My point is that it is still not a magnitude change. And it (probably?) introduces bugs and incompatibilities.

Many cloud providers now offer serverless SQL and Spark capacities (serverless=no set up for you). This is the magnitude change for me.

With pandas you can maybe process 10 million rows, with polars maybe 50 million. But with a distributed service maybe 100 times more?

oreilles · on Aug 29, 2024

When using Pandas appropriately, that is with method chaining, lambda expressions (instead of intermediate assignments) and pyarrow datatypes, you also get much faster speed and null values handling.

fifilura · on Aug 30, 2024

I know.

And by now I know that very well.

Like someone-screaming-in-my-ears-know.

I am starting to think that Polars is showing all the signs of a hype or a cult.

I am still not convinced, particularly since the community feels more like a marketing department than someone who wants to genuinely help.

I can do that thing you describe with SQL.

cpcloud · on Aug 29, 2024

Did it get more memory efficient during the time between authoring point 1 and authoring the last point?

dgfitz · on Aug 29, 2024

You may think this was clever, but it is a common literary technique to emphasize a point.

I'd suggest less snark, you're not doing yourself any favors.

itsoktocry · on Aug 29, 2024

>I'd suggest less snark, you're not doing yourself any favors.

Why do people feel the need to jump in and police tone like this? Who are you? You're not doing yourself any favours, either.

>common literary technique to emphasize a point.

"Common" is a stetch, and who cares.

temp_praneshp · on Aug 29, 2024

> Why do people feel the need to jump in and police tone like this?

From the community guidelines(https://news.ycombinator.com/newsguidelines.html): "Be kind. Don't be snarky. Converse curiously; don't cross-examine. Edit out swipes."

> Who are you?

A member of the community.

dgfitz · on Aug 29, 2024

> Why do people feel the need to jump in and police tone like this?

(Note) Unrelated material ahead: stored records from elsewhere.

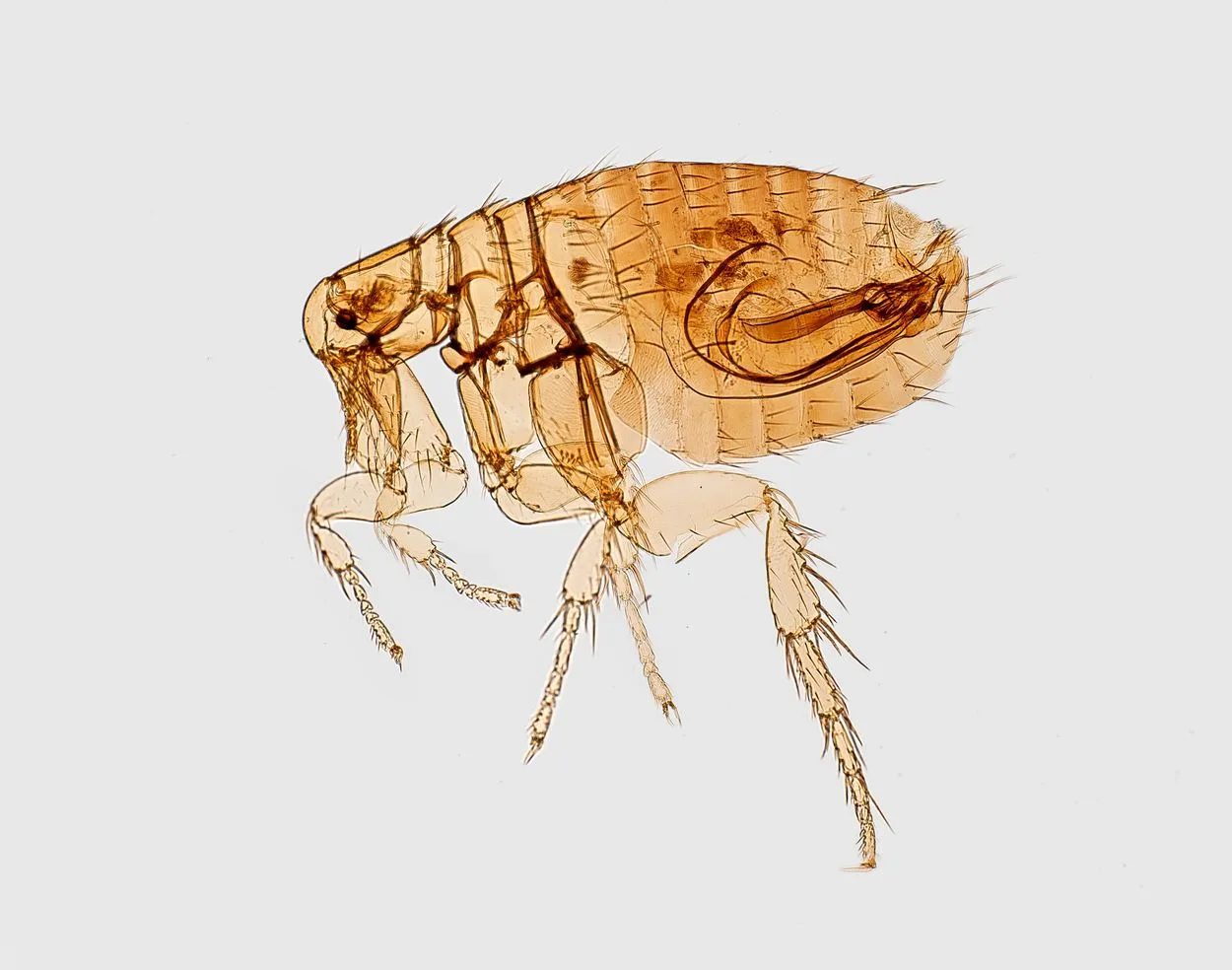 What Diseases Do Fleas Carry?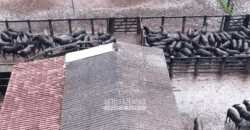 Fazenda à Venda 2.100 Hectares Dupla Aptidão com Pista de Pouso | Santana do Araguaia/ PA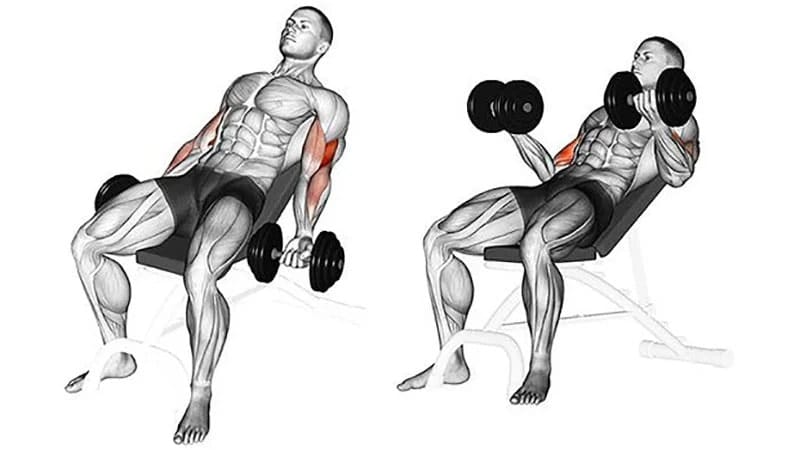 Inclined bicep curl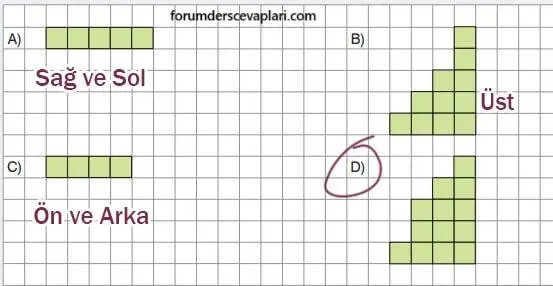 7. Sınıf Matematik Ders Kitabı Sayfa 317 Cevapları Edat Yayınları3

Did you know that more information is communicated via tone than words?

dgfitz · on Aug 31, 2024

This irritates me. What was the point of THEIR comment? To be cunty? It absolutely was NOT a productive comment. They were being an ass. And you’re defending them being an ass, asking me who I am like I’m somehow not allowed to point out someone being a cunt unless I have some type of status symbol of which you need to approve. At this point I can only fathom you’re a coworker or friend of theirs, hence the defense. Nothing else makes sense.

cpcloud · on Sept 3, 2024

No idea who the person is who defended what I said. If they're a co-worker of mine, I don't know who it is.

The original purpose of my comment was to, in a light-hearted way, point out redundant information, not to incite a flame war about tone on HN.

This thread reminds me of why I don't come here very often.